Definitions and explanations of APMs

The Company has defined and explained the purpose of the following APMs:

EBITDA (Earnings before interest, tax, depreciation and amortization)

EBITDA, as reconciled above, can be found by excluding the DD&A and impairment of oil and gas assets from the profit/loss from operating activities. Management believes that this measure provides useful information regarding the Group's ability to fund its capital investments and provides a helpful measure for comparing its operating performance with those of other companies.

EBITDAX (Earnings before interest, tax, depreciation, amortization and exploration expenses)

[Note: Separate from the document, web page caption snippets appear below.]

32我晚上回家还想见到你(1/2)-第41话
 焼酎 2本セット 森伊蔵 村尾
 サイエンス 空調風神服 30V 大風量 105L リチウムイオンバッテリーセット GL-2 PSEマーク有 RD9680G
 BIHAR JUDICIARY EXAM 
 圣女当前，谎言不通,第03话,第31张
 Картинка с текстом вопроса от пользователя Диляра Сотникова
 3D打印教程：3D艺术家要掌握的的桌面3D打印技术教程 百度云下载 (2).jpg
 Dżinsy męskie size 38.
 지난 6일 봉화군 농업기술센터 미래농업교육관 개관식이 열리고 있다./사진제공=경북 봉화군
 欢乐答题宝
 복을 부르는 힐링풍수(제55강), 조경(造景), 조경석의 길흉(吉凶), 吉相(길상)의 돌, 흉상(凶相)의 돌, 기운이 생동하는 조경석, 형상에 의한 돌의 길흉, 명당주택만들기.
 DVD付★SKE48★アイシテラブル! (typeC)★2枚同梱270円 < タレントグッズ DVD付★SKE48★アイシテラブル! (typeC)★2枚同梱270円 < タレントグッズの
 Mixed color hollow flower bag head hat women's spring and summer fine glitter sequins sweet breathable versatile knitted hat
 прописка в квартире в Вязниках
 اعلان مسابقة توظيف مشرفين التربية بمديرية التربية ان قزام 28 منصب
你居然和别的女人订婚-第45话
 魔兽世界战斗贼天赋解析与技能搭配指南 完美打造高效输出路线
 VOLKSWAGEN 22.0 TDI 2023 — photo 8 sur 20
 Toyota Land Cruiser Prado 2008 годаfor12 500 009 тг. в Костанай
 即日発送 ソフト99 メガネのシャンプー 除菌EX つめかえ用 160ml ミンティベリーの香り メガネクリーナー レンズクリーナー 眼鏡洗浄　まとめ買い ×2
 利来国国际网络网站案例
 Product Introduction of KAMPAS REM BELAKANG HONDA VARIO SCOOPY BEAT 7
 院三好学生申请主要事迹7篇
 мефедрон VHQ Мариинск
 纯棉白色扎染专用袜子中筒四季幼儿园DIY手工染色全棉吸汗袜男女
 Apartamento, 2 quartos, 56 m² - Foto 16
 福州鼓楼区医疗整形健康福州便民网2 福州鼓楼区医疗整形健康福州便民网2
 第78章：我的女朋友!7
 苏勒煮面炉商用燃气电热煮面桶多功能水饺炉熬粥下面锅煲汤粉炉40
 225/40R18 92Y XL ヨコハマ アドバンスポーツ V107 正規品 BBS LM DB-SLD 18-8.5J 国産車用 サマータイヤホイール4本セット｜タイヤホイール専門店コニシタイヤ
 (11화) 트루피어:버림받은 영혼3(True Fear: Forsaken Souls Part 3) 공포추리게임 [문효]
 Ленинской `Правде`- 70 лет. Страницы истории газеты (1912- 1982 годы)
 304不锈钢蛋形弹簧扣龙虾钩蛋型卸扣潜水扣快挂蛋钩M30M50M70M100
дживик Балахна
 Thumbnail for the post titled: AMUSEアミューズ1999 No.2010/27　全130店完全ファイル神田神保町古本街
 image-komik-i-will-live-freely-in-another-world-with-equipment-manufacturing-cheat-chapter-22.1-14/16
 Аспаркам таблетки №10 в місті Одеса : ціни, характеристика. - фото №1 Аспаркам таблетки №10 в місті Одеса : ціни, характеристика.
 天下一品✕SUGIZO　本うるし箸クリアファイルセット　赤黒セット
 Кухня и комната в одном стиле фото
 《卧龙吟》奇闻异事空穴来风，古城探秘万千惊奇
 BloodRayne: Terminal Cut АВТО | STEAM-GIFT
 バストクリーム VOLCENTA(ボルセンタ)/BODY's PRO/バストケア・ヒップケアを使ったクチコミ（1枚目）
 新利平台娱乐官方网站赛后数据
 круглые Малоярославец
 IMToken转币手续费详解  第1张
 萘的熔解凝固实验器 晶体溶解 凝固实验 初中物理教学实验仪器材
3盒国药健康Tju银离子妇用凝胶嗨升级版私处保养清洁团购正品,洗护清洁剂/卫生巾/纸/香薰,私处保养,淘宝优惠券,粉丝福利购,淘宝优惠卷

EBITDAX, as reconciled above, can be found by excluding the exploration expenses from the EBITDA. Management believes that this measure provides useful information regarding the Group's profitability and ability to fund its exploration activities and provides a helpful measure for comparing its performance with those of other companies.

Lifting costs (USD/boe)

Lifting costs comprise of expenses related to the production of oil and gas, including operation and maintenance of installations, well intervention activities and insurances. DNO's lifting costs per boe are calculated by dividing DNO's share of lifting costs across producing assets by net production for the relevant period. Management believes that the lifting cost per boe is a useful measure because it provides an indication of the Group's level of operational cost effectiveness between time periods and with those of other companies.

Capital expenditures

Capital expenditures comprise the purchase of intangible and tangible assets irrespective of whether paid in the period. It does not include expenditures related to the acquisition of subsidiaries. Management believes that this measure is useful because it provides an overview of capital investments used in the relevant period.

Operational spend

Operational spend is comprised of lifting costs, tariff and transportation expenses, exploration expenses, capital expenditures and payments for decommissioning. It does not include expenditures related to the acquisition of subsidiaries. Management believes that this measure is useful because it provides a complete overview of the Group's total operational costs, capital investments and payments for decommissioning used in the relevant period.

Equity

The equity ratio is calculated by dividing total equity by the total assets. Management uses total equity and equity ratio to monitor capital and financial covenants.

Free cash flow

Free cash flow comprises net cash from/used in operating activities less capital expenditures, payments from license transactions, payments for decommissioning and net cash received/paid from equity accounted investments. It does not include expenditures related to the acquisition of subsidiaries. Management believes that this measure is useful because it provides an indication of the profitability of the Group's operating activities excluding the non-cash items of the income statement and includes operational spend. This measure also provides a helpful measure for comparing with that of other companies.

Net cash/debt

Net cash/debt comprises cash and cash equivalents less bond loans, reserve-based lending facility and offtake financing facility. Management believes that net cash/debt is a useful measure because it provides indication of the minimum necessary debt financing (if the figure is negative) to which the Group is subject at the reporting date.